▶ **WORK ORDER**
Within the records that follow, restate exactly the lines from the line with "Zwarte telefoonhoes over" down to the line with "Recycled One of", including both. Omit the pictures.

▶ **RECORDS SUPPLIED**
- - - -

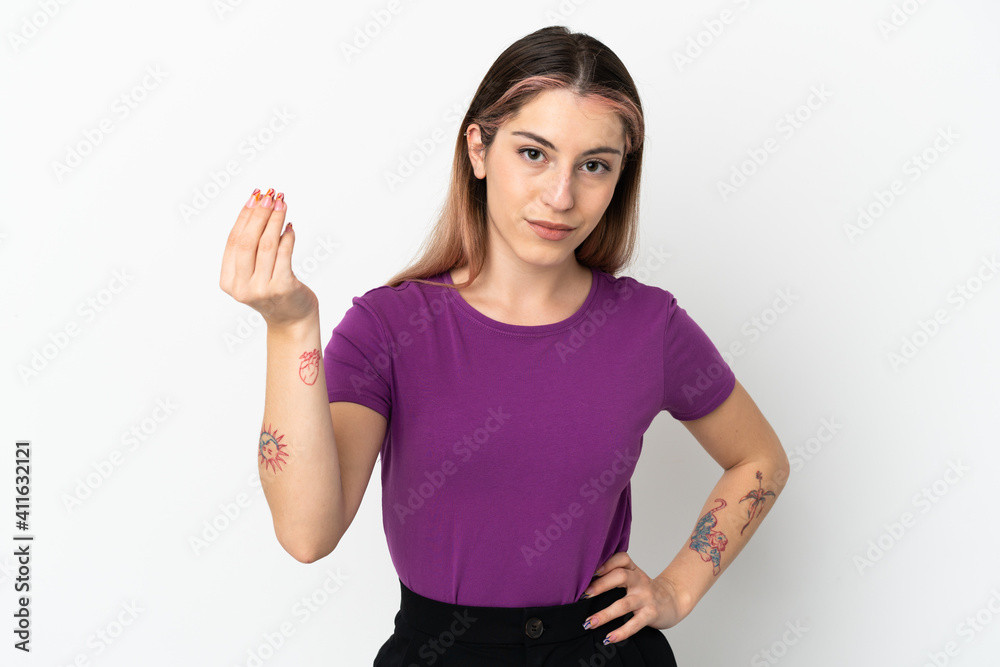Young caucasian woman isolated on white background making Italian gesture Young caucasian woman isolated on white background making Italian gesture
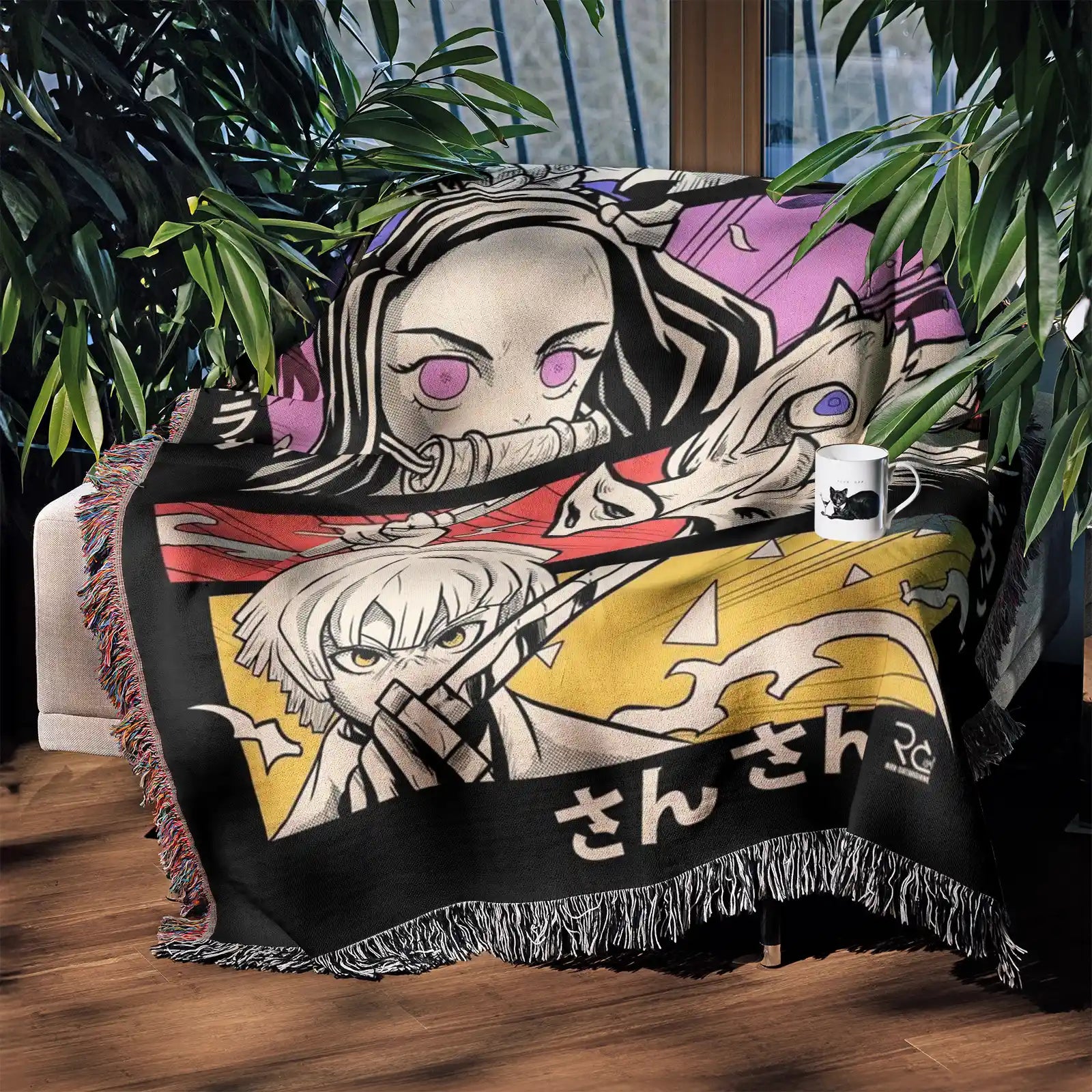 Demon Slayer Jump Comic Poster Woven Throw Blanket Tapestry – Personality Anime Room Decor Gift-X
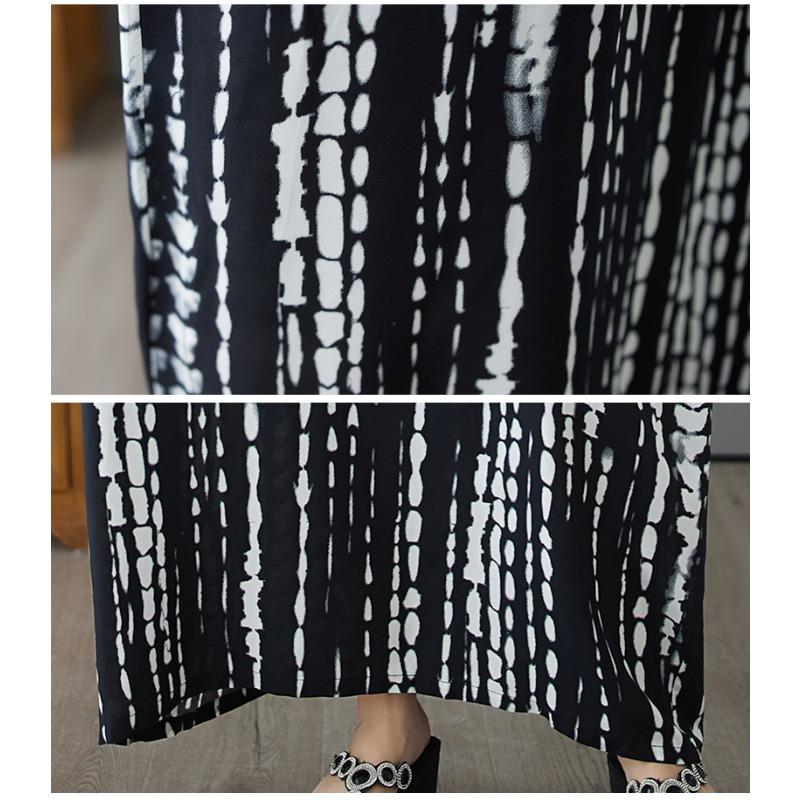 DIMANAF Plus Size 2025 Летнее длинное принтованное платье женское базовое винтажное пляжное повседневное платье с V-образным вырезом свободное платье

- - - -

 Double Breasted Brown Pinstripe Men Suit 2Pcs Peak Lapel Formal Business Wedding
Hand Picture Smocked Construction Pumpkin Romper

- - - -

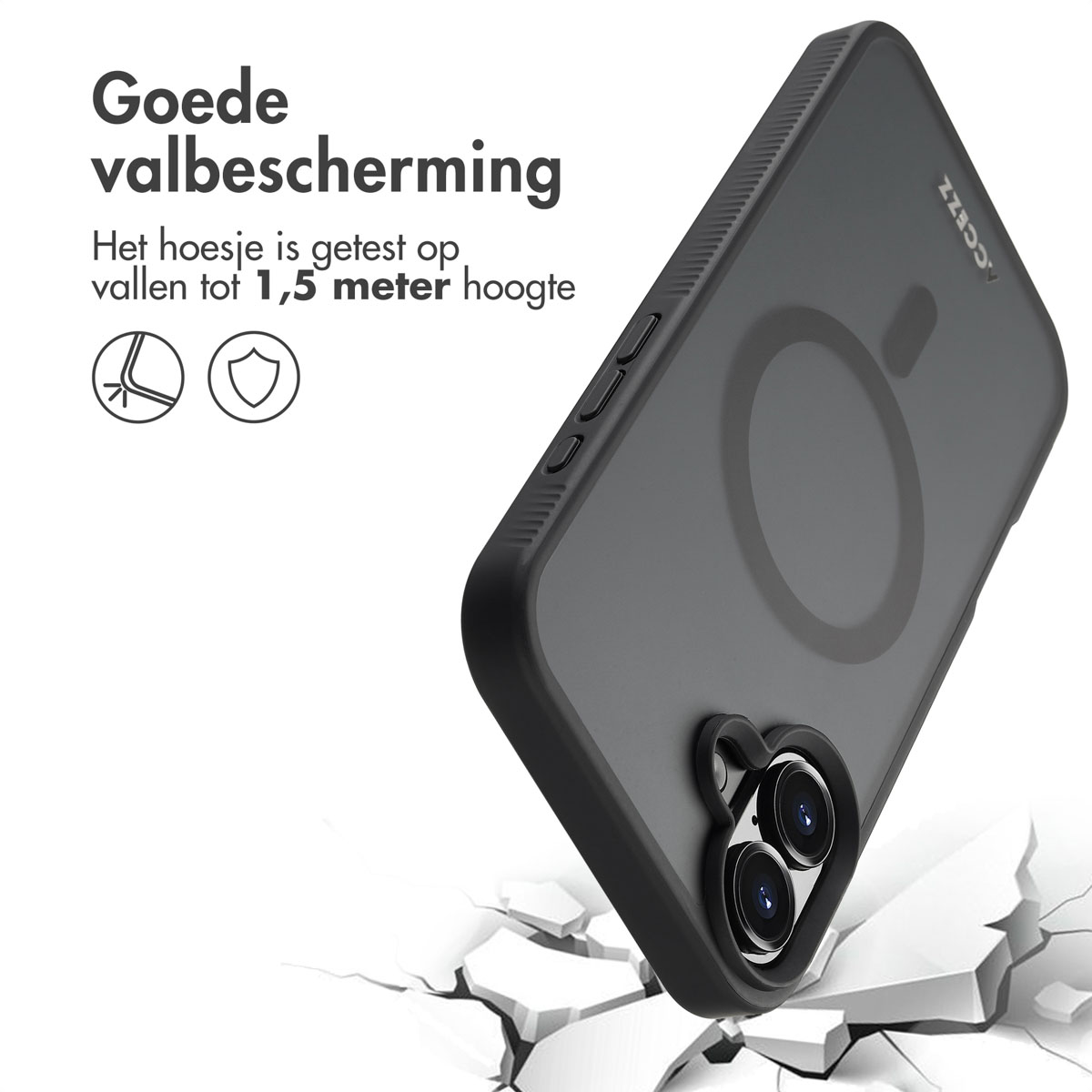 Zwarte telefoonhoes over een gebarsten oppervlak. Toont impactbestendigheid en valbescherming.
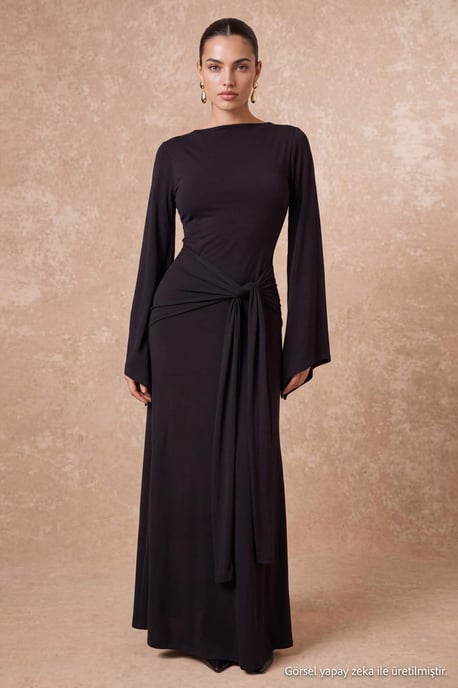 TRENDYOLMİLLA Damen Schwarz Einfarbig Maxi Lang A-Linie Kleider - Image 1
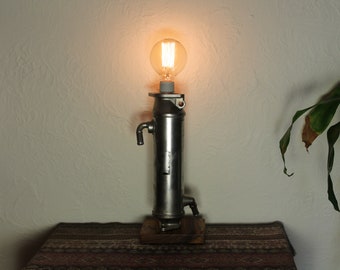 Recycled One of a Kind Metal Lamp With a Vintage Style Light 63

- - - -

▶ **RESPONSE TO THE TASK**
 Zwarte telefoonhoes over een gebarsten oppervlak. Toont impactbestendigheid en valbescherming.
 TRENDYOLMİLLA Damen Schwarz Einfarbig Maxi Lang A-Linie Kleider - Image 1
 Recycled One of a Kind Metal Lamp With a Vintage Style Light 63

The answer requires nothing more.